Yesterday, FIRE reported that the University of Minnesota, in the face of widespread national outrage in the media, is defending the indefensible: a set of plans to impose an ideological litmus test on future teachers. The desire to teach “cultural competence” or to expose students to any set of values and beliefs is not itself a matter of individual rights—indeed, FIRE would defend professors against any effort to ban specific views from the classroom—but these plans cross the line by declaring that students without the approved values, attitudes, and beliefs are not “competent” enough to become teachers.
This morning, the university’s Academic Freedom and Tenure Committee met to discuss the case for the second time. The first of these meetings, on December 4, included discussion of FIRE and our letter to President Bruininks, as well as some misinformation. For instance:
These are notes by faculty members, Vice Provost [Arlene] Carney said; academic freedom includes faculty members composing notes without harassment. They were not intended to be released and they are not recommendations. [...] This was password-protected, Dr. Carney pointed out; someone released the information from the website.
Well, I see nothing in the minutes that comes close to “harassment.” Do the professors just want to avoid harsh criticism, or podcasts that include “offensive comments about faculty”? Calling something “harassment” when it’s not probably makes people less likely to believe reports of true harassment.
Besides, the “Final Report” of the Race, Culture, Class, and Gender Task Group is indeed a report and not a “draft” (a word that was added to the report months after it was submitted—for proof, take a look at the report as it originally was posted, as submitted on July 16) or “notes.” It self-consciously starts with quotations to attune the reader (“We begin with quotations that voice the expressions of others in order to emphasize the real experiences of how cultural diversity lives and breathes…”), and it is well-formatted and well-organized.
Furthermore, there is no sense in which the final report can be said to be anything less than a set of “recommendations,” given specific recommendations for “outcomes,” “assessment” of those outcomes, and “teacher prep” experiences for the proposed new curriculum.
Finally, the whole set of documents was not password protected or intended to be kept hidden.

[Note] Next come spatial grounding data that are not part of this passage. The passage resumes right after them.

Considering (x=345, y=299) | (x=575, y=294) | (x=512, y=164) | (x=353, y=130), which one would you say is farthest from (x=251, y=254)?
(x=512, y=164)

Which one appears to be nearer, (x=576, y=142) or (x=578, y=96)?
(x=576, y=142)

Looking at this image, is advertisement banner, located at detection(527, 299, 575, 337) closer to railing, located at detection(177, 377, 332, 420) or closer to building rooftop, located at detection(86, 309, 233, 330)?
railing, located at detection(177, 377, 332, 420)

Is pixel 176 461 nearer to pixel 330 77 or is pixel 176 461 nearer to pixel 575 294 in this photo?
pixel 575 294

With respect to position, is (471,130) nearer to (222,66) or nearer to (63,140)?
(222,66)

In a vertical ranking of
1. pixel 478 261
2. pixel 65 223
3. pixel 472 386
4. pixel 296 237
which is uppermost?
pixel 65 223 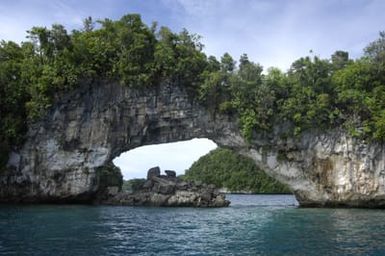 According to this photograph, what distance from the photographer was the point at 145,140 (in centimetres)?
3653

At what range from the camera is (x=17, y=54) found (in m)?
34.3

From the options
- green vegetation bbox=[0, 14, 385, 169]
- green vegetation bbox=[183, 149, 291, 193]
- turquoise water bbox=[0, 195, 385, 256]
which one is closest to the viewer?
turquoise water bbox=[0, 195, 385, 256]

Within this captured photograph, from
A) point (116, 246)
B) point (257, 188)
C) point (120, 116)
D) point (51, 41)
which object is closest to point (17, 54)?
point (51, 41)

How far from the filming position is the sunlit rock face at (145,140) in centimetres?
3319

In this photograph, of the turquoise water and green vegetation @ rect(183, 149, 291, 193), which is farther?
green vegetation @ rect(183, 149, 291, 193)

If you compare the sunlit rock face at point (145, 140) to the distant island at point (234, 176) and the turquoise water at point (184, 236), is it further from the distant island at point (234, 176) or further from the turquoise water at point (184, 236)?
the distant island at point (234, 176)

The documents have long been available on the Internet for the world to see—and, with some after-the-fact alterations, the documents and blog entries are still there. (We have collected screen shots and PDFs of the website as of a few weeks ago, so perhaps the college should think twice about its inclination to rewrite history.)
Today’s meeting of the Academic Freedom and Tenure Committee was to include discussion with university counsel about the case. FIRE will direct Torch readers to the public minutes when they become available.
Meanwhile, the American Council of Trustees and Alumni has written to the university’s Board of Regents and included a copy of FIRE’s letter. If the university administration is not willing to repudiate and scrap the parts of the plan that would violate individual rights if implemented, then I hope the Regents will.